Collected data
----

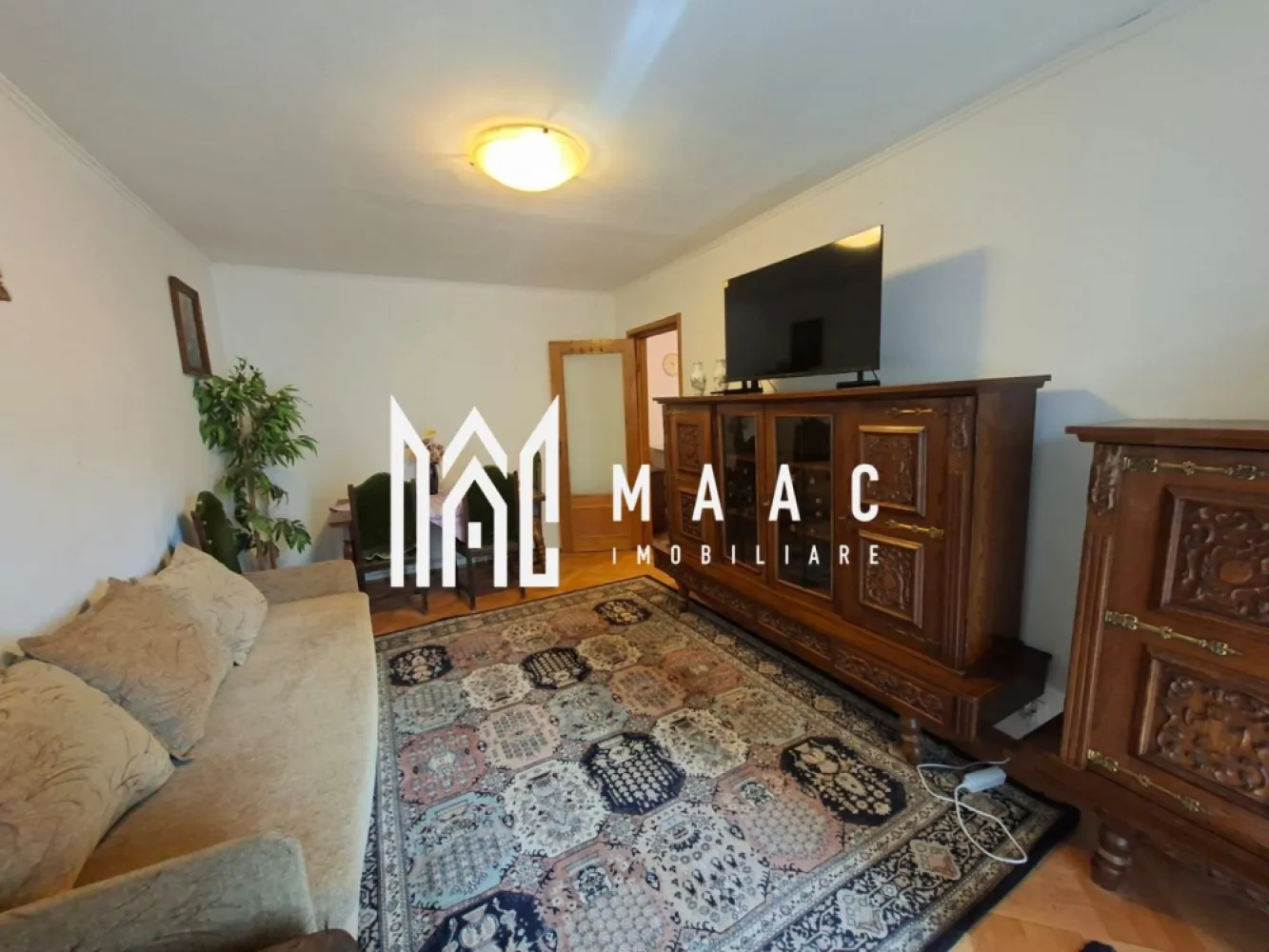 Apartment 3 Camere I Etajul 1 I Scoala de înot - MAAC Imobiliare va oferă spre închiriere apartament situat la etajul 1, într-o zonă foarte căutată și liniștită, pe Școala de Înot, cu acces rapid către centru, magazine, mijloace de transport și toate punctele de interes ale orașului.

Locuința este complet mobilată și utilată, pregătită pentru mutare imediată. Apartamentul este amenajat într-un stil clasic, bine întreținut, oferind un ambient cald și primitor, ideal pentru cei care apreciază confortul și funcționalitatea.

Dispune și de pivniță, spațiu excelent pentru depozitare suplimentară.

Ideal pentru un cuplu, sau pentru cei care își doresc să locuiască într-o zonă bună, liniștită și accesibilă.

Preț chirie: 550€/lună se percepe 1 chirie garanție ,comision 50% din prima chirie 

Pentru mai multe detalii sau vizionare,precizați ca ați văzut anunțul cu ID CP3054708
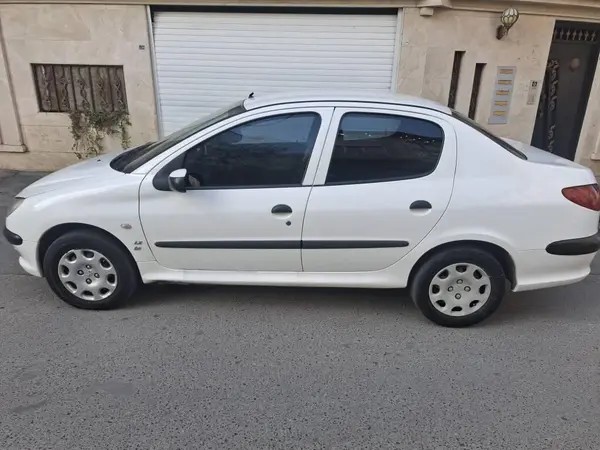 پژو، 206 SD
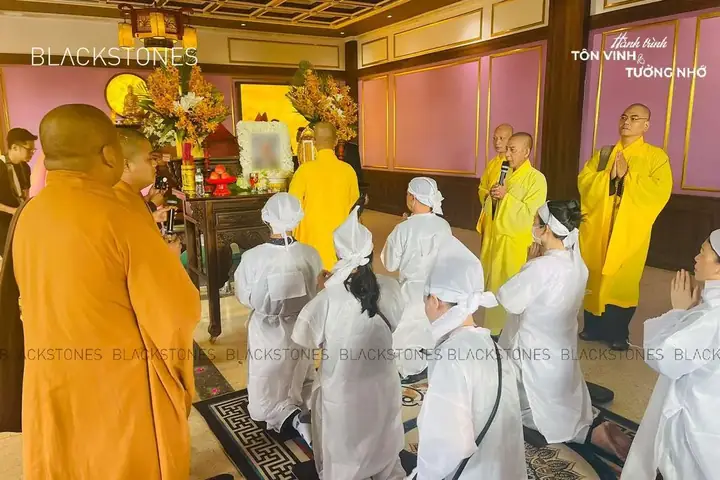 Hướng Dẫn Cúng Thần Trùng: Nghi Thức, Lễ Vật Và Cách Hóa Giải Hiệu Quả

----

(Exercise): Copy all the entries word for word. Omit any pictures.

(Task answer):
 Apartment 3 Camere I Etajul 1 I Scoala de înot - MAAC Imobiliare va oferă spre închiriere apartament situat la etajul 1, într-o zonă foarte căutată și liniștită, pe Școala de Înot, cu acces rapid către centru, magazine, mijloace de transport și toate punctele de interes ale orașului.

Locuința este complet mobilată și utilată, pregătită pentru mutare imediată. Apartamentul este amenajat într-un stil clasic, bine întreținut, oferind un ambient cald și primitor, ideal pentru cei care apreciază confortul și funcționalitatea.

Dispune și de pivniță, spațiu excelent pentru depozitare suplimentară.

Ideal pentru un cuplu, sau pentru cei care își doresc să locuiască într-o zonă bună, liniștită și accesibilă.

Preț chirie: 550€/lună se percepe 1 chirie garanție ,comision 50% din prima chirie 

Pentru mai multe detalii sau vizionare,precizați ca ați văzut anunțul cu ID CP3054708
 پژو، 206 SD
 Hướng Dẫn Cúng Thần Trùng: Nghi Thức, Lễ Vật Và Cách Hóa Giải Hiệu Quả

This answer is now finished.